LD. En libéral aussi, l’enjeu est de concilier son activité libérale et syndicale, faite de beaucoup d’imprévus. Je n’ai pas de plage horaire dédiée à l’activité syndicale. Si une réunion nationale tombe le lundi et que je dois être présent à Paris, ma journée de consultation est annulée. Je dois avoir des remplaçants fidèles et des associés compréhensifs. Même si j’ai une indemnisation partielle pour mon travail syndical, cela entraîne une perte de revenus importante que je compense par de nombreuses gardes de régulation la nuit et les week-ends. En moyenne, je travaille 90 heures par semaine, environ la moitié pour le syndicat et la moitié pour la médecine. C’est beaucoup, mais je n’ai pas envie d’arrêter. La période n’a jamais été aussi passionnante, en termes de transformation des organisations professionnelles (CPTS, MSP, liens ville-hôpital, assistants médicaux…). 

__

À l'hôpital, le droit syndical, même s'il existe, n'est pas forcément respecté pour les médecins

__

WUD. Le contexte de crise sanitaire a-t-il rapproché les deux mondes ? Les syndicats mixtes vont-ils se développer, pour mieux répondre aux aspirations des jeunes médecins ? 

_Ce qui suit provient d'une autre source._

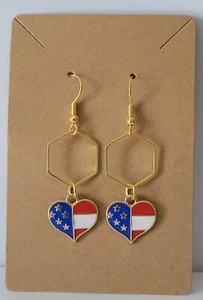 USA Flag.New Medium dangle earrings Made From Brass Or Copper. Nickle/lead Free - Picture 1 of 1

CP. Depuis plusieurs années déjà, les médecins biologistes et hospitaliers travaillent main dans la main. On a les mêmes problématiques, on fait des communiqués communs. Et certains syndicats sont mixtes, comme le Syndicat des jeunes médecins biologistes. La crise sanitaire a favorisé les coopérations ville-hôpital, avec par exemple des réunions avec l’ARS réunissant syndicats libéraux et hospitaliers, ce qui a favorisé la gestion de la crise. Au moment de la pénurie de réactifs pour les tests Covid, cela nous a permis de nous dépanner les uns les autres. 

LD. Pour moi, il n’y a pas de fracture idéologique entre les deux mondes. Le lien ville-hôpital est devenu essentiel. Un médecin généraliste ne peut plus tout faire tout seul, c’est fini ce temps-là. Il doit travailler avec l’infirmière, le kiné, le pharmacien, l’hôpital, etc... Et c’est particulièrement vrai pendant cette crise sanitaire. Néanmoins, les négociations se passent de façon totalement différente pour la médecine libérale et hospitalière. C’est obligatoire étant donné les modes de financement et de gouvernance très éloignés. 
Déjà, il faudrait qu’on évite les divisions au niveau libéral. Je vois des syndicats de médecins libéraux issus de la CSMF en plein questionnement identitaire et dans une phase de repli, et cela me préoccupe.